Work instruction: Write out the data exactly, please, and omit the pictures.

___ Provided data ___

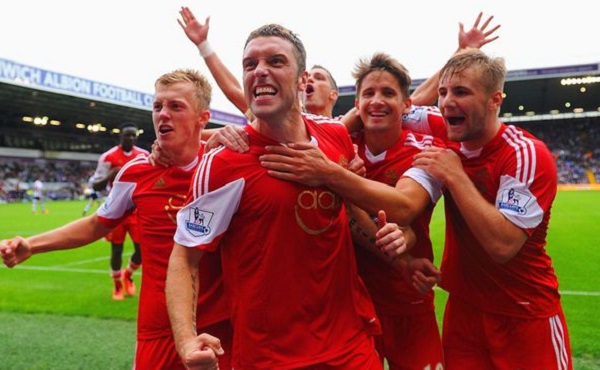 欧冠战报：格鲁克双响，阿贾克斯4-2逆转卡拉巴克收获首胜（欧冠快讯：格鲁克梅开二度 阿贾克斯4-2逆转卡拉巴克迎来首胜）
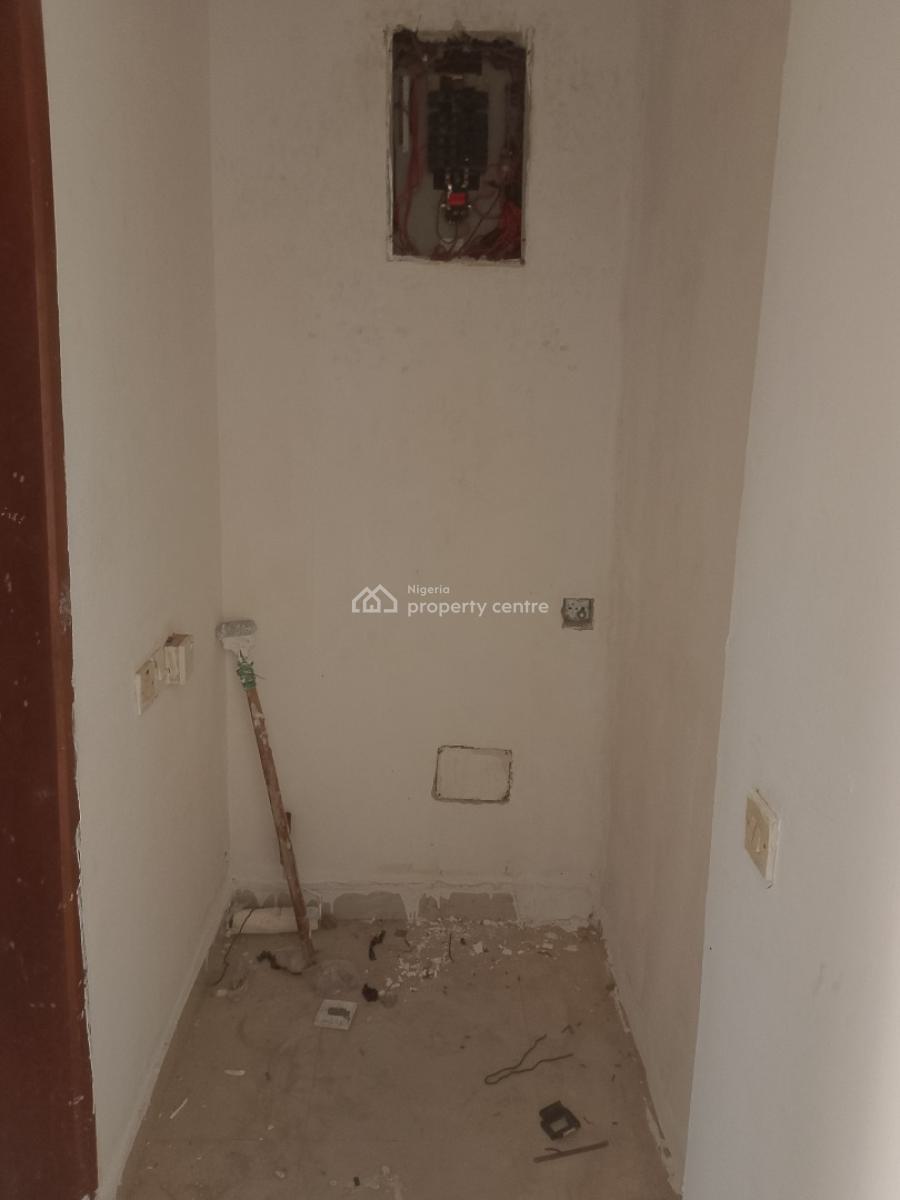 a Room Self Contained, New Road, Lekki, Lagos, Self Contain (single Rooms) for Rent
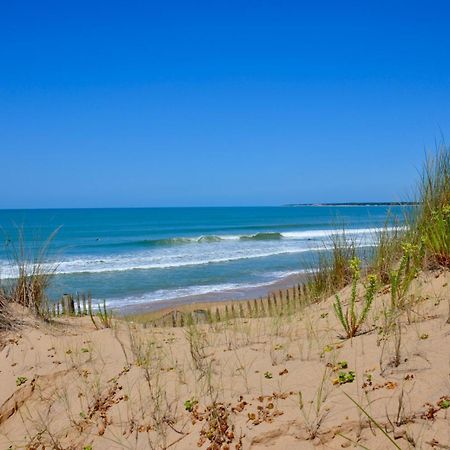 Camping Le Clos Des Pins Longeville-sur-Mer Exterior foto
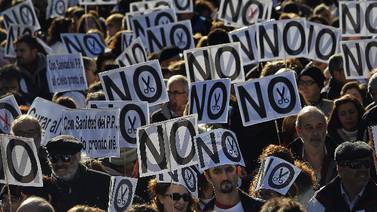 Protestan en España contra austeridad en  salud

___

Written answer:
 欧冠战报：格鲁克双响，阿贾克斯4-2逆转卡拉巴克收获首胜（欧冠快讯：格鲁克梅开二度 阿贾克斯4-2逆转卡拉巴克迎来首胜）
 a Room Self Contained, New Road, Lekki, Lagos, Self Contain (single Rooms) for Rent
 Camping Le Clos Des Pins Longeville-sur-Mer Exterior foto
 Protestan en España contra austeridad en  salud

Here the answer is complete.